Tuesday, July 23, 2013


Independence is my happiness, and I view things as they are, without regard to place or person; my country is the world, and my religion is to do good.”

— Thomas Paine, “The Rights of Man”

Consider me relieved that the flag-waving and fireworks of the Fourth of July are behind us. As a scholar who appreciates irony, I can’t help but notice that lost within our celebrations each year is the fact that leading voices in our fight for independence cautioned against this very same patriotic myopia.

Influential ideas from Thomas Paine, whose works inspired tens of thousands of people to align against Great Britain at the dawn of the Revolution, likely would be dubbed “un-American” today by those who believe the red, white and blue can do little wrong.

The anti-nationalism implicit in Paine’s words is not a new idea, nor, importantly, is it negative.

“My country is the world” argues that we are in this together, and Earth would be a better place if we treated all humans as brothers and sisters bound by a common humanity.
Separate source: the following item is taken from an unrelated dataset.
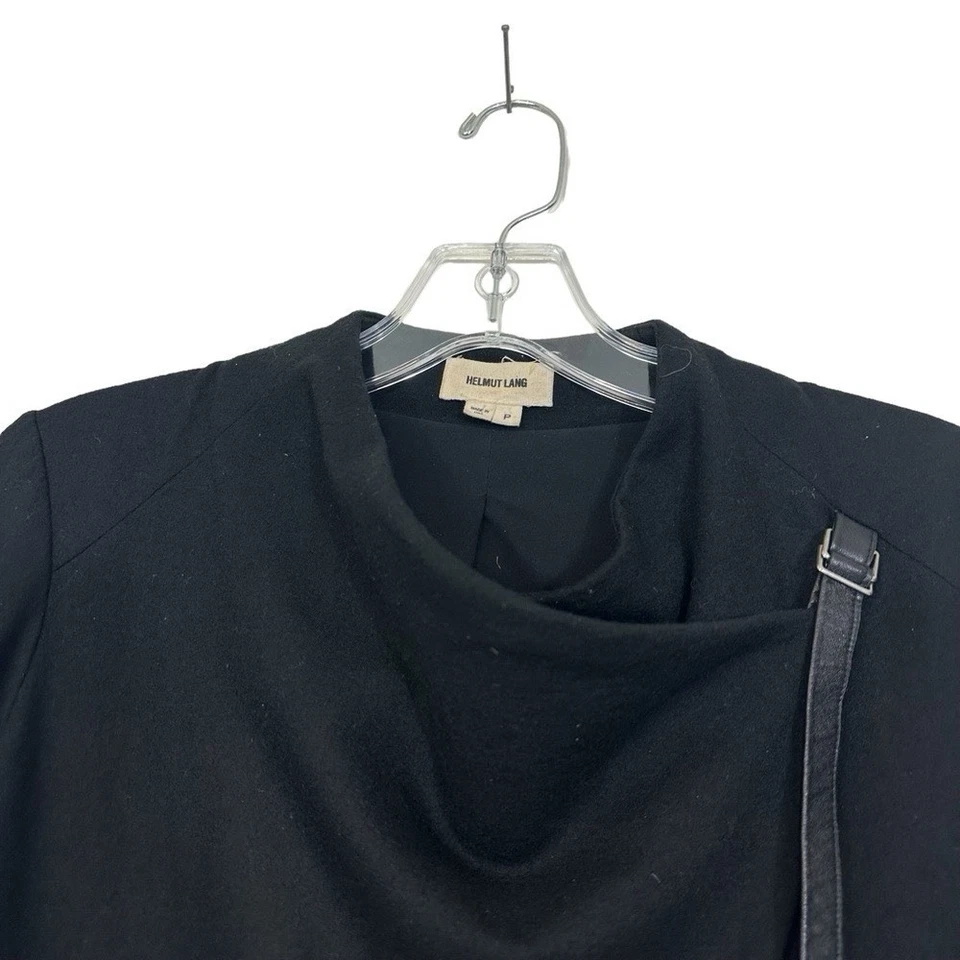 Helmut Lang Sonar Wool Cropped Moto Jacket Black Size P - Image 2 of 4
Instead of thinking in terms of nations — and hence in a necessarily “us and them” manner — we would be better to embrace our global citizenship.

From the “blue dot” perspective one gets from outer space, we clearly are only an “us.”

Human nature, however, is such that whenever we see A is different than B (and we are A), there is a nearly irresistible urge to make the leap to the conclusion that A is better than B. We are all fundamentally ethnocentric and perhaps, by extension, even racist.

Our cultural learning thankfully counters these tendencies, and we can and do learn to live together, though the painful exceptions to this are both local — Trayvon Martin comes to my mind — and global, with the 1994 Rwandan genocide still raw in our collective memories.

One of the more dominant themes in our nationalistic rhetoric is embodied in the oft-used phrase “God bless America.” Put in hyper-drive by the anti-communism of the Cold War in the 1950s, we have conflated religiosity and nationalism in ways that make it such that, in many people’s minds, you can’t be a good American without being both nationalistic and religious.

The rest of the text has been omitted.